It is
precisely 3:16 a.m. when Joseph slides the heels of his feet against
the base of the chair pegs and his rear melts solemnly into the
repeatedly duct-taped chair that his father left him to have. He
rests his arm on the coffee table that is overrun by late-notice
rectangles with red stamps on them. The light that flickers above him
provide nothing, an inconsistent existence of hope. The cans of
chili, without beans, rest on his maroon La-Z-Boy with a spoon
sticking out of each can, in defiance to the dishwasher that never
fully did anything to remedy the sauce that is continuously left on
the spoons.

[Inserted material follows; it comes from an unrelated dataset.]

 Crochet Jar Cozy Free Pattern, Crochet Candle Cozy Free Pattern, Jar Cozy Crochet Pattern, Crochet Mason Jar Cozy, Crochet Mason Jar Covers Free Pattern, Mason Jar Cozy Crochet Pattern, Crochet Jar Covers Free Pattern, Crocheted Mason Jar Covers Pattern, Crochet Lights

He glances around the room and sighs a deep sigh, one
that is far too rehearsed to have any significance.
"C'mon Joseph, you fucking..."
He catches himself getting too emotional and too excited for his own
good. He settles down and scans the room once again and to his
dismay, nothing changes. No speech comes to his mind, no great
proverb surfaces from his memory, no uplifting phone call grabs him;
just him and the slow-spinning ceiling fan that is missing a partial
blade so it never spins correctly, always a slight jerk to the
motion. In the other room, hung up about the same dilemma as Joseph,
his sister Mary is, unmoving and silent, save for a slight sway.
Joseph is emancipated from the chair and begins moving slowly towards
the corner of the room, dragging the chair across the floor that is
littered with torn and mangled books. The marks still fresh from
yesterday when he dragged the chair in precisely the same pattern.
How many times must he drag this dreadful chair to the corner, only
to bring it back to the table where it naturally rests? Joseph places
the chair on the four peg indents that are permanently etched into
the floor, places a foot onto the seat of the chair, and pauses. He
closes his eyes, blocking out the excessive bruises on his arms and
the broken mirror shards that glare too deeply into his soul, his
horrid and twisted, translucent soul. A soul broken by time.
When the eyes of Joseph are
opened, he is back at his childhood home, with the roar of his father
and the screaming of his sister so recognizable, it creates an
immense nostalgia; fear, anger, and happiness all present. He sprints
forward and gazes at the sight of his younger sister crawling on the
floor, frantically attempting to escape their father's grasp; one
hand helping crawl away and the other hand in a struggle to pull her
pants up with a frayed thread of rope to tie them.
"NO, DADDY NO, PLEASE... NO
MORE!!!" His sister's voice and the image of this day, will never
leave Joseph.
"SHUT UP YOU CUNT! STOP RUNNIN
AWAY FROM ME!" Their father also having to battle with his belt.
"YOU'RE THE REASON THAT YOUR MOTHER LEFT IN THE FIRST PLACE.........SO
I'VE GOT URGES!" The smell of the whiskey on his breath so
familiar. "I'VE ALREADY 'TALKED' WITH YOUR BROTHER
TODAY. So just be a good little girl and let daddy have his time."
The drop from yelling to a pleading tone of voice scares Joseph,
rendering him inactive; unable to speak or move at this sight.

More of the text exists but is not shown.